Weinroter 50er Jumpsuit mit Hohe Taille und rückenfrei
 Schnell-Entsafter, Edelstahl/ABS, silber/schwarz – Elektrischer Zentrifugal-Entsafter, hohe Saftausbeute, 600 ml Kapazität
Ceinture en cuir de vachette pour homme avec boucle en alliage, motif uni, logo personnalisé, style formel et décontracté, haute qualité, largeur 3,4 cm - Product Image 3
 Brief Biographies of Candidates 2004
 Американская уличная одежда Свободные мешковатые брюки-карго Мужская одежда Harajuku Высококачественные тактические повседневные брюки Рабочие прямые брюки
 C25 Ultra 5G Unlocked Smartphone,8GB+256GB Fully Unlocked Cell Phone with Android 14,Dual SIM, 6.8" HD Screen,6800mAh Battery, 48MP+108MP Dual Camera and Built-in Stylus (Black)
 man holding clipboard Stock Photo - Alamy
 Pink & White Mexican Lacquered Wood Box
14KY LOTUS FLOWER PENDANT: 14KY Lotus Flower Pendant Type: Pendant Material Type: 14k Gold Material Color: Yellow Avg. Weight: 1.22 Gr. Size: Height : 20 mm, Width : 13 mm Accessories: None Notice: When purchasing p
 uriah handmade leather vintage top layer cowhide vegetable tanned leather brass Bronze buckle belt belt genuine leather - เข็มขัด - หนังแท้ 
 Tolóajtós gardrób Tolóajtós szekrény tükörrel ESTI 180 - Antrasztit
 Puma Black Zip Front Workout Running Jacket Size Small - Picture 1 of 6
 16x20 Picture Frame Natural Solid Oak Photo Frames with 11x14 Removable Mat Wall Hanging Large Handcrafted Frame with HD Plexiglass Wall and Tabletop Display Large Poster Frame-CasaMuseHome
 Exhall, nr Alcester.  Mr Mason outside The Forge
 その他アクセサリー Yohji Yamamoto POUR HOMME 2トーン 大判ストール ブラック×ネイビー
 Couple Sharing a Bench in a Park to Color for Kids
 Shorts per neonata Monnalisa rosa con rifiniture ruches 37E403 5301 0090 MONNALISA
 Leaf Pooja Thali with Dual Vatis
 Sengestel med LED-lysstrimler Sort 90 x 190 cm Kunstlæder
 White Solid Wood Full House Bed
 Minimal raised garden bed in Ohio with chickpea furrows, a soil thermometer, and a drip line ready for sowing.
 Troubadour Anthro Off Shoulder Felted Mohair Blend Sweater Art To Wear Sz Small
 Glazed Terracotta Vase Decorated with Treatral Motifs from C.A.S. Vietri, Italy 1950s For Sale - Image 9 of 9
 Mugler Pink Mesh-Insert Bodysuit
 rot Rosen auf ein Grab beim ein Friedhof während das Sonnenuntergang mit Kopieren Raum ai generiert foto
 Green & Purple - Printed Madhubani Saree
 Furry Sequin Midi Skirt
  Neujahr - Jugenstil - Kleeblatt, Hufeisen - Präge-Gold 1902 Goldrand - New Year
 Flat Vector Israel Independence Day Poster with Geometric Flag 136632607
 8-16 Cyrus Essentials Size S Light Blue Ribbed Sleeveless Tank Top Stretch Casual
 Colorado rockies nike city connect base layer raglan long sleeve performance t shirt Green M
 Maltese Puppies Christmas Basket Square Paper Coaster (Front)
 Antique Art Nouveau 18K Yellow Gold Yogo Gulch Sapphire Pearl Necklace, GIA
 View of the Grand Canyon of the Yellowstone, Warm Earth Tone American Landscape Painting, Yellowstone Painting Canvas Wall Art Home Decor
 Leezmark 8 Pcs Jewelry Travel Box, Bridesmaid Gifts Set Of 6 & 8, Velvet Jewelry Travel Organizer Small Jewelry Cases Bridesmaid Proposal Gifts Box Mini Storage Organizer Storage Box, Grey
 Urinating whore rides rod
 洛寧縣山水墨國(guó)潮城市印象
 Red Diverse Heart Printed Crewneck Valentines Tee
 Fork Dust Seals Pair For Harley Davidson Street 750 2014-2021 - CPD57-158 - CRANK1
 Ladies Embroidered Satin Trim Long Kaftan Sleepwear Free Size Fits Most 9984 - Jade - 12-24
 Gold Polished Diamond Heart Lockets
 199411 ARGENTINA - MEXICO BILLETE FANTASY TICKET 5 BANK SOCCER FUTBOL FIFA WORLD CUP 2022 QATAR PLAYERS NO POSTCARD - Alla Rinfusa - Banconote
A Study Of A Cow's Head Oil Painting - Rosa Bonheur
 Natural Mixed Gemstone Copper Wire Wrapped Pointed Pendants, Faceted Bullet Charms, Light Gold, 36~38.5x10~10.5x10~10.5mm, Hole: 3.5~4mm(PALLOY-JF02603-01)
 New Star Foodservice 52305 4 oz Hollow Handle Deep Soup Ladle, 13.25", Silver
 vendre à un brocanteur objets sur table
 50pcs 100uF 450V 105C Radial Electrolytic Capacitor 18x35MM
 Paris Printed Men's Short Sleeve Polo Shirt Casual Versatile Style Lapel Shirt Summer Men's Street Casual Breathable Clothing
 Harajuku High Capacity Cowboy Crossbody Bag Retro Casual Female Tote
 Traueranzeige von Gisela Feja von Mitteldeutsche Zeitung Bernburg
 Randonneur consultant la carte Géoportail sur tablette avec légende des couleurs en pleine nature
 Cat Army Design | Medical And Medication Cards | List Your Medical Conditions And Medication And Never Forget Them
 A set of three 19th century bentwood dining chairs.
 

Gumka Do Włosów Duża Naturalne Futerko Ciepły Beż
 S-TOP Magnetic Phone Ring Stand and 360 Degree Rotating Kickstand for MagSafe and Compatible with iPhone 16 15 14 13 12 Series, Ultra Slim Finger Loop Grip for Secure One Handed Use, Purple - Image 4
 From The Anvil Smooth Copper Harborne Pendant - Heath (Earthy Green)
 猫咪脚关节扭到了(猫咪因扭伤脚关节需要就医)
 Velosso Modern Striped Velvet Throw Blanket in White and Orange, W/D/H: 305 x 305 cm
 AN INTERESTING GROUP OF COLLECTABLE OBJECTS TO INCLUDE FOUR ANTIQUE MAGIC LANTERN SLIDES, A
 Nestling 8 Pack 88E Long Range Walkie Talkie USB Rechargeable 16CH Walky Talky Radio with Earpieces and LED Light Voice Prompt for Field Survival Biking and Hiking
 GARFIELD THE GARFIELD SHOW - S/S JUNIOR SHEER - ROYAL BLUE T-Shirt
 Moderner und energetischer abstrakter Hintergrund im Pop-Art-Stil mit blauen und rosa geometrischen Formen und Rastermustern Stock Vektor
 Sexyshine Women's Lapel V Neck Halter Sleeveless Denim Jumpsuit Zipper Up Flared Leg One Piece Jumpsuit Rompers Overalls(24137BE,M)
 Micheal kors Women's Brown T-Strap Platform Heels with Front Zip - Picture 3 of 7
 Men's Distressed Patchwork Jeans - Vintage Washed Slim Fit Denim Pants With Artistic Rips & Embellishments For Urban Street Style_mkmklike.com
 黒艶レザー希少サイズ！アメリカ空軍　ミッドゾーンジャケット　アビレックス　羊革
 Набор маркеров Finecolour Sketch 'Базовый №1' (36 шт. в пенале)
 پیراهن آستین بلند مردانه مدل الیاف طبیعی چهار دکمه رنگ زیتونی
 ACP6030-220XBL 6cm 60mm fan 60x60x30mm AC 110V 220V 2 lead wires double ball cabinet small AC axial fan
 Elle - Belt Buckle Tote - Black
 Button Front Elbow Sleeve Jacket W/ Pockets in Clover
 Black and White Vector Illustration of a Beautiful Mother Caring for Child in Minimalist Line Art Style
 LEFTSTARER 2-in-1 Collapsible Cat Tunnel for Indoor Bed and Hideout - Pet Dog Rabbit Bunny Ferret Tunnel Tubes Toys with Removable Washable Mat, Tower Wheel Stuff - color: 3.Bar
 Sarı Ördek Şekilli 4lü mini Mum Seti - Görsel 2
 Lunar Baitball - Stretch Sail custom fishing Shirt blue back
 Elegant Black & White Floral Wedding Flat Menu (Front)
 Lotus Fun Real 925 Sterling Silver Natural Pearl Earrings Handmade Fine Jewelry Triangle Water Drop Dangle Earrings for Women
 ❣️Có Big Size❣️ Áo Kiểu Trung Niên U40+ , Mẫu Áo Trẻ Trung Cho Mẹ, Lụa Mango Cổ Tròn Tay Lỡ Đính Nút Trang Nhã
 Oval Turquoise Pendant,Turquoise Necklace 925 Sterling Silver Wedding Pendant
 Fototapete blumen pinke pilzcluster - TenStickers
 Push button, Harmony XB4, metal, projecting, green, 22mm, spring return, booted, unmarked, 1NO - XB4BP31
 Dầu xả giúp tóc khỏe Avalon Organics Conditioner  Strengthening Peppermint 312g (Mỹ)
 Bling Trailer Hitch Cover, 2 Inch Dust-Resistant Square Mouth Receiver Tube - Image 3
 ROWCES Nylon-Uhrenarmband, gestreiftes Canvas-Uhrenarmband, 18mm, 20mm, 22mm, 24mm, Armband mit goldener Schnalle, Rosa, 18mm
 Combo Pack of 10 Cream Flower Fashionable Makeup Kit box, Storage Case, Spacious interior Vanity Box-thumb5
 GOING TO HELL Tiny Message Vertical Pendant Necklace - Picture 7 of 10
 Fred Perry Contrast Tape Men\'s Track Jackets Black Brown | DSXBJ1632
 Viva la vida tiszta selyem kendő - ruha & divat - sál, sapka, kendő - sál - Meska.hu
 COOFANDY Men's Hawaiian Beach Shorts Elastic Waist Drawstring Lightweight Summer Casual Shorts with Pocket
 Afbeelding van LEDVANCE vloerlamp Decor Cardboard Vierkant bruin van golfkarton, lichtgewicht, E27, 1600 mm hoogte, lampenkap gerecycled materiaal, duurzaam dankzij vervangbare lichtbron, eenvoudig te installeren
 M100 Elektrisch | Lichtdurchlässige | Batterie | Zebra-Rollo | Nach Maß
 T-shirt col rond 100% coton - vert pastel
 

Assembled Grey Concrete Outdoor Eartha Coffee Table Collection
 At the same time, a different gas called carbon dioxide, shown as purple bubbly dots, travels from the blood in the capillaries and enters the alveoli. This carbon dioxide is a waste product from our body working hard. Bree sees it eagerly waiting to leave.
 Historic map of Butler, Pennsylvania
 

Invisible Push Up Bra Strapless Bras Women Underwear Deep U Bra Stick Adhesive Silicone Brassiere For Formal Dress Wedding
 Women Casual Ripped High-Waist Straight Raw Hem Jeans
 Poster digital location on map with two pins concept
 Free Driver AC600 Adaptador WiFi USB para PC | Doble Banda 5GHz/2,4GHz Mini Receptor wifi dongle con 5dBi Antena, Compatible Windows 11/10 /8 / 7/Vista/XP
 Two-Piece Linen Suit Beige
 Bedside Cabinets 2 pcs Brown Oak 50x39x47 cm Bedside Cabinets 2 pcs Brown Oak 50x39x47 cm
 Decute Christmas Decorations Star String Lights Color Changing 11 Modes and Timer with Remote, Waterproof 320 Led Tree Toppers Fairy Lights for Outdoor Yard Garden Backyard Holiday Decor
◆ ◆ ◆ ◆
▸ Problem to solve
From the preceding records, count the lines where "Heart" occurs and reply with the number only.

▸ Output below
2